Rethinking rural development: Making peasant organizations work. The case of Paraguay
This dissertation studies the role of the collective action sector for rural development. A combination of formal modeling, historical and institutional analysis, and econometric methods is used in this research. I develop microeconomic models to analyze the determinants of peasants' decisions to join cooperative institutions, and the corresponding equilibrium fraction of organized peasants. The models suggest multiple organizational equilibria at both local and wider levels. Multiple cooperative equilibria is explained in general by the interplay of two increasing functions: (i) the proportion of cooperators as a function of the expected gains from cooperation, and (ii) the expected gains from cooperation as a function of the proportion of cooperators. The models also study the mechanisms through which cooperation beyond the local level can be achieved.
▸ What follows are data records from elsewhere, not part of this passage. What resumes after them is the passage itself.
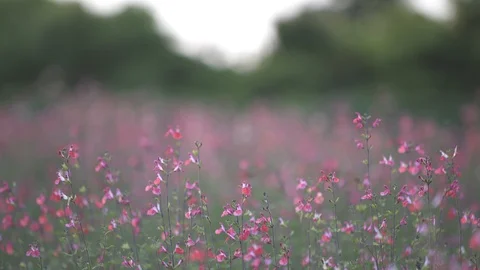 Jeju19 Stock Footage 86192876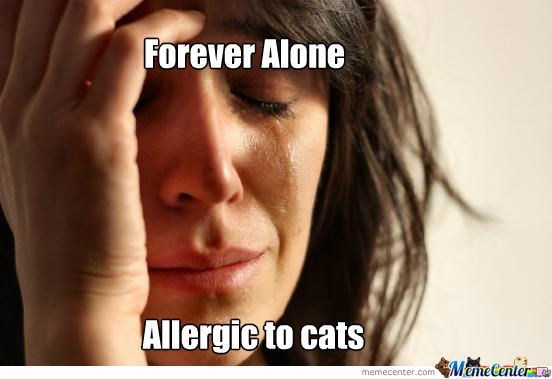 Now this is my worst nightmare because without cats, we have no one.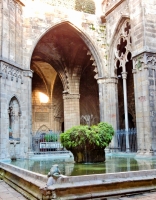 Cloister, Barcelona Cathedral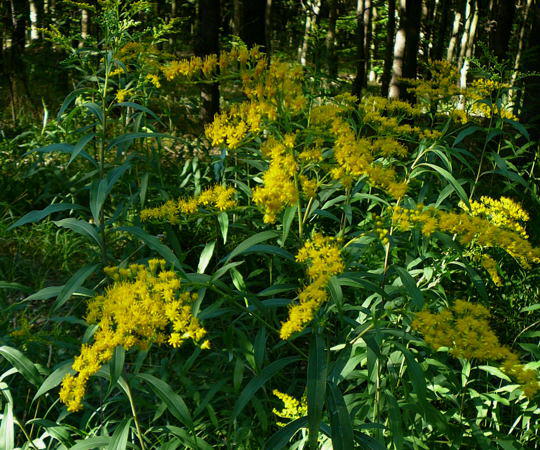 Kanadische Goldrute - Solidago canadensis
Empirically, I analyze the motivations behind peasants' decisions to organize themselves, and once organized, the ways inequality, gender differences, social capital, and external assistance affect local cooperation. The empirical component of this dissertation is based on fieldwork with peasant organizations in the Paraguayan departments of Concepcion, San Pedro, and Caaguazu carried out between 1995-1996. The results of the fieldwork include two surveys: one of the leadership of 104 peasant committees and the other of 374 peasant households. The most important results of the econometric analysis are that the likelihood of a peasant household joining a peasant organization is an inverse function of higher outside options, the security of her/his landholdings, and the subjective costs of cooperation, and is a positive function of the performance of the cooperative. Cooperative performance is not monotonically related to either the degree of inequality within the community or the level of external assistance; rather, it is of an inverted U-shape form. Cooperative performance increases as the level of women's participation and social capital increases. This dissertation also explores the relationship between democracy and economic development by analyzing the agrarian political economy of Paraguay for the 1954-1996 period. It argues that (i) peasants' organizations play a significant role in rural development and (ii) there is scope for positive synergy between peasants' organizations and the level of political democracy in an agrarian country.